室内用餐的形式让他们可以添加一些在快速递送的摊位上无法处理的配料:比如一小堆在户外会被风吹走的肉松,或者烤好后淋上的辣椒油。你还可以拥有一个座位,这意味着你可以点两三份大家一起分享,而不必在站着时还要费力拿着折叠好的米纸。
代价是:炭火的焦香味有时没那么浓郁,因为这里的烤架是为了追求出餐量,而不是单份的极致高温。你得到的是更丰富的配料、更舒适的环境,以及稍微少一点的烟火气。
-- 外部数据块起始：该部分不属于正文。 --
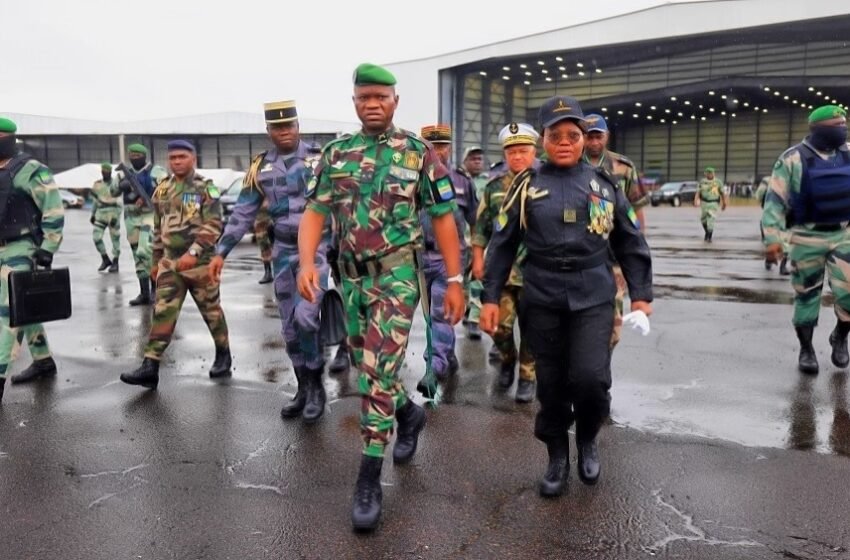  Gabon : Suspicion de chantage politique derrière la suspension de l&rsquo;aide Américaine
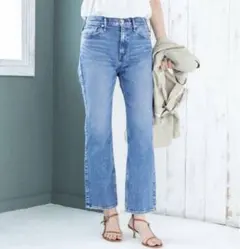 美品　IENA別注　upper hights THE CHARLOTTE 22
摄影:Quang Nguyen Vinh,来源:Pexels
如果你是第一次来大叻,而且正好在逛夜市,那就选街边摊。那种体验——清凉的山间空气、炭火的香气、在 Nguyen Thi Minh Khai 街站着吃——才是灵魂所在。找一个烤架火候明显很旺(米纸迅速起泡)的摊位,看着他们制作。
如果你想坐下来慢慢吃,尝试多种口味,或者是在周二夜市人流较少、一半摊位都收摊的时候,Phan Dinh Phung 街的 Phuc Loc Tho 是个可靠的选择。
无论哪种方式,一定要趁热吃。Banh trang nuong 放凉五分钟后,口感就会从酥脆变得软韧,甚至让人失望。这是一种只有两分钟黄金赏味期的小吃。

摄影:Theodore Nguyen,来源:Pexels
大叻夜市区域和 Phan Dinh Phung 街距离中心市场 (Cho Da Lat) 都在步行范围内,相距不到 500 米。大多数 banh trang nuong 摊位和店铺的营业时间为下午 4 点至晚上 10 点;周末街边摊位有时会更早出摊。请准备现金——50,000 VND 足以买两份小吃并加一份饮料。